もう1つは、減反政策のもとでコメの需給を調整・管理してきた。そうすることで、コメの価格を維持して、農家の収入を守ろうという考えである。
そもそも、政府が需給を管理すること自体無理なのに、供給を減らしてきたのだから、需要急増などのショックが市場で起きたら価格が上昇するのは当たり前だ。それならそれで、すぐに備蓄米を放出すべきだったのに、昨年秋ごろからその必要性が言われていたのにもかかわらず、実際に放出を始めるまで半年も要した。
さらにコメの流通は、集荷業者→卸会社(複数段階)→小売・外食という複雑なルートを辿るが、その流通秩序を前提に、備蓄米を入札できるのは集荷業者のみで、落札したのと同量を1年後に政府が買い戻すことを条件とした。
これでは、JA(農協)など一部大手の集荷業者しか落札できず、また卸会社の迅速な行動も期待できないので、早急に末端の小売(スーパーなど)まで行き届くはずがない。だからこそ、備蓄米放出を始めた後もコメの価格は上がり続けた。完全な行政の失敗である。
そこで農水省は、霞が関の官僚が得意な「逐次対応」、つまり小出しの対応を始めた。買い戻し期間の5年への緩和、小売業者に直接備蓄米が届くように計画した集荷業者に対する入札優先枠の新設である。

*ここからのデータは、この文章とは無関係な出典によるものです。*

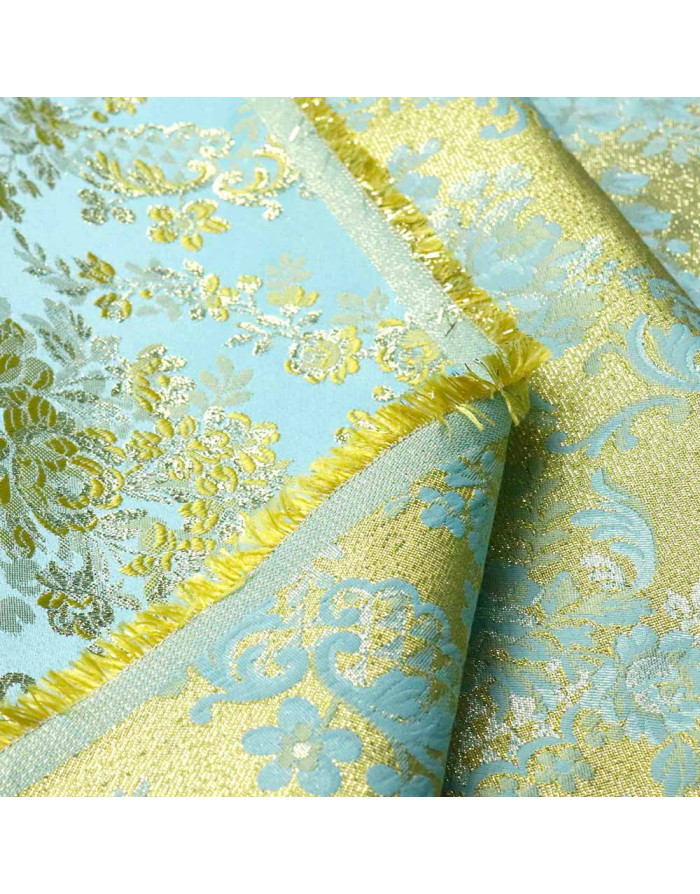 Brocado Turquesa Oro Flor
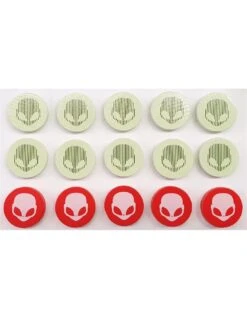 On Mars: Alien Invasion – Heat-Transferred Wooden Alien Action Tokens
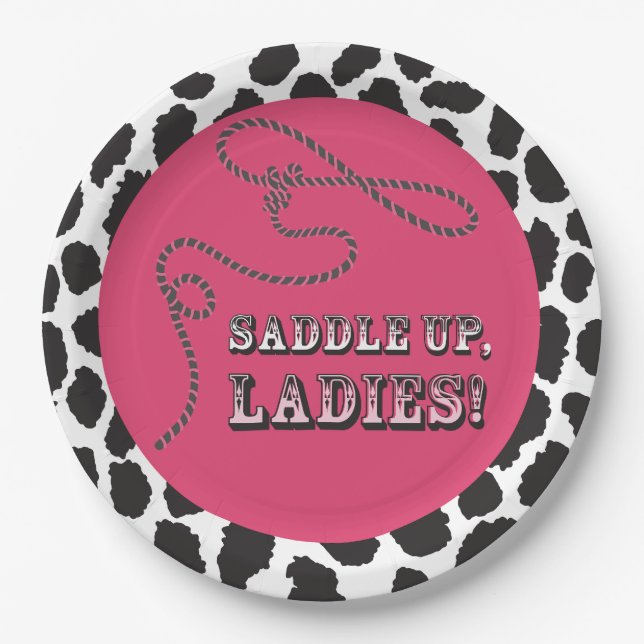 Disco Cowgirl Bachelorette Party Paper Plate (Front)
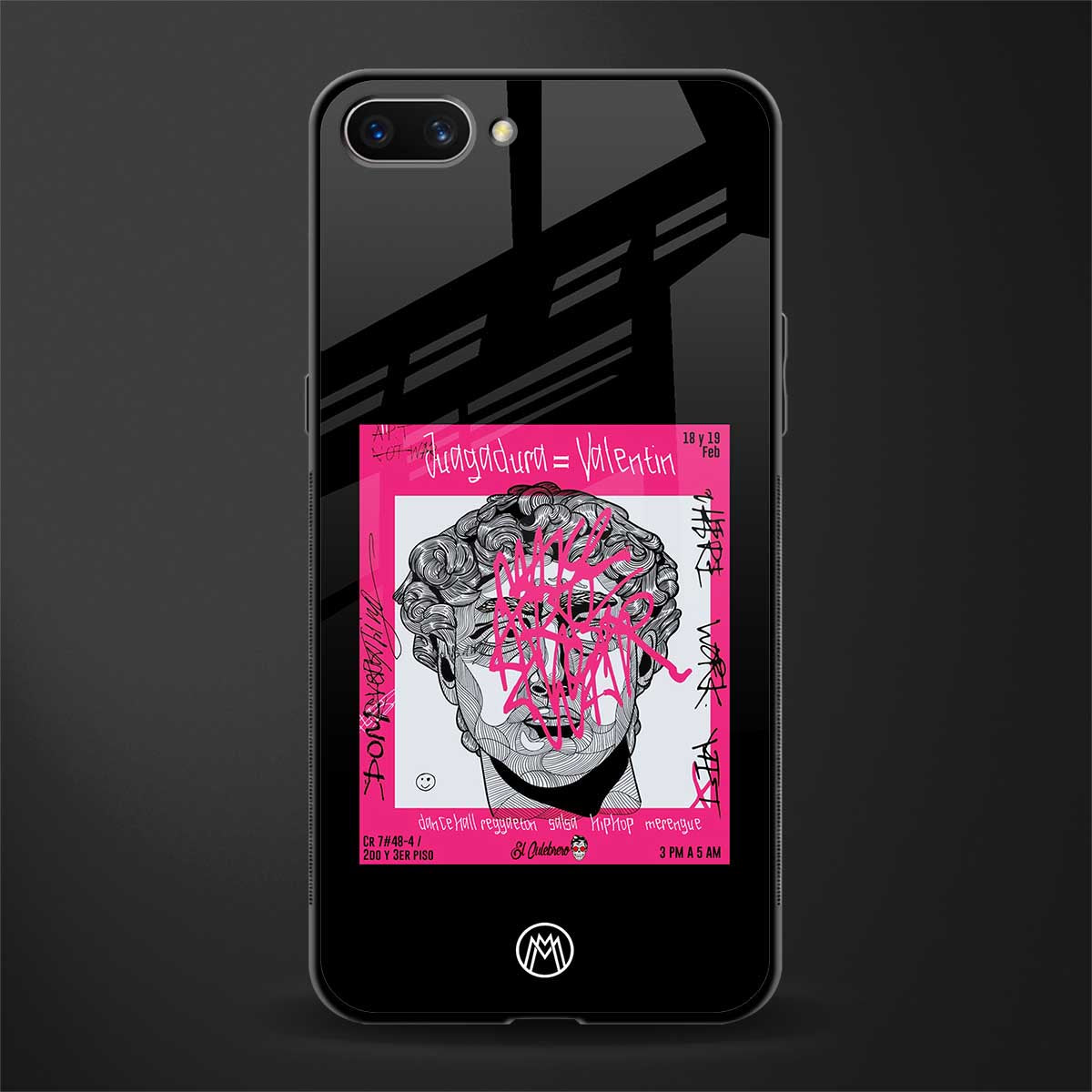 scribbled david michelangelo glass case for realme c1 image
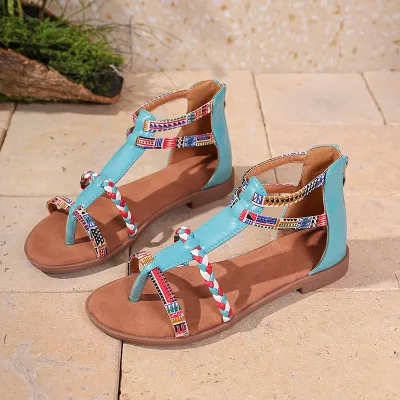 Women Fashion Casual Boho Ethnic Style Colorful Splicing Roman Flat Sandals Plus Size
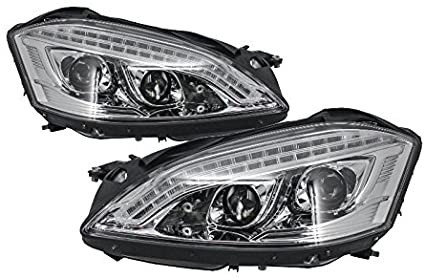 Faruri HID Xenon LED DRL compatibil cu MERCEDES Benz W221 S-Class (2005-2009) W222 Look Crom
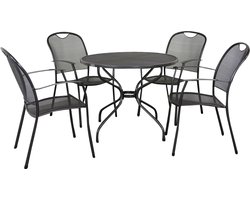 Kettler Kos tuinset + strekmetaal tafel 90 cm.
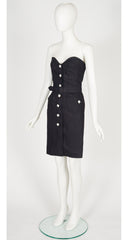 1988 S/S Black Linen Strapless Bustier Dress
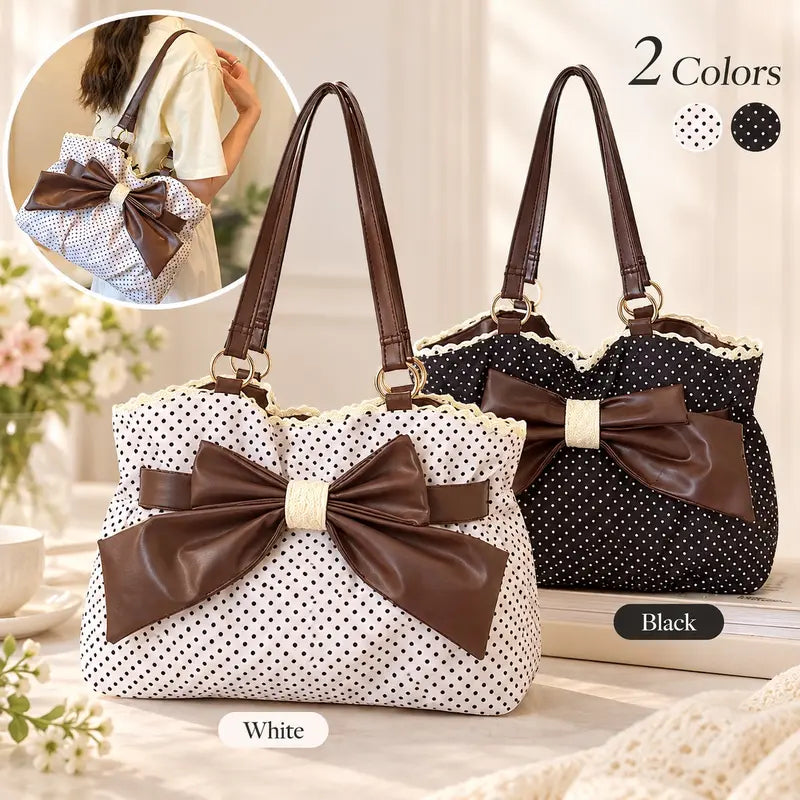 👜 Vintage Polka Dot Canvas Tote Bag for Women, Oversized Bow Shoulder Bag with Lace Trim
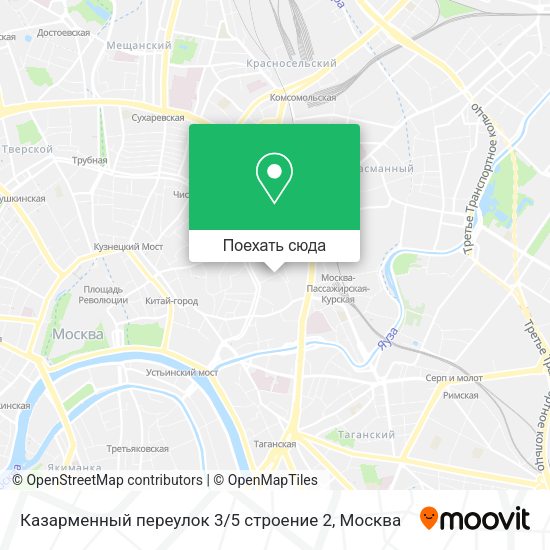 Карта Казарменный переулок 3 / 5 строение 2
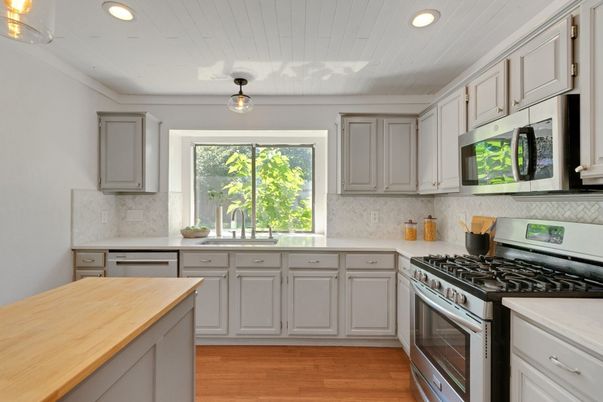 Interior, Kitchen, Recessed Lighting, Stainless Steel Appliances, Wood Texture Flooring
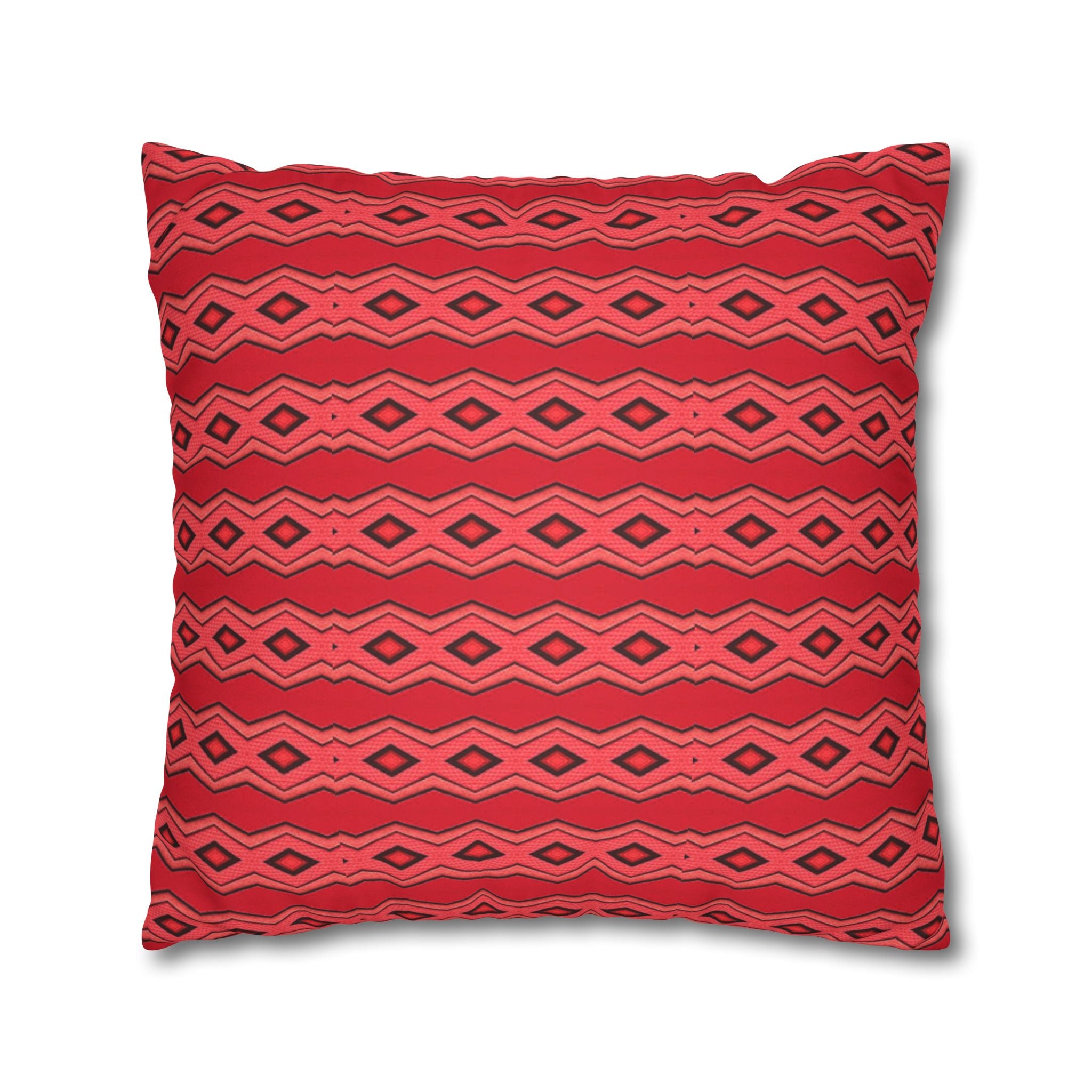 Square Pillowcase - Red Vintage Pattern - Decorative Pillows Cushion Covers for Couch Chair Bedroom Valentines Decorative, Faux Suede, Home Decor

要は、農水省は50年前から続く自分たちのコメ政策を変える気はなく、説得力の弱い説明をしつつ、その範疇での対応に終始したのである。やることなすことすべて説得力がなく、かなりレベルが低い対応だが、そのやり方は、まさに「ノウスイ真理教」と言えるだろう。
小泉進次郎農相に課される試練
ところが、コメ問題はあるきっかけで一気に動き出した。コメ価格の高止まりが国民、メディアから厳しく批判され、2025年夏に参院選を控えた官邸や自民党の危機感が高まるなか、江藤拓前農相が失言で辞任し、同年5月、小泉進次郎氏が後任となるやいなや、小泉農相が備蓄米の小売業者との随意契約を始めたのである。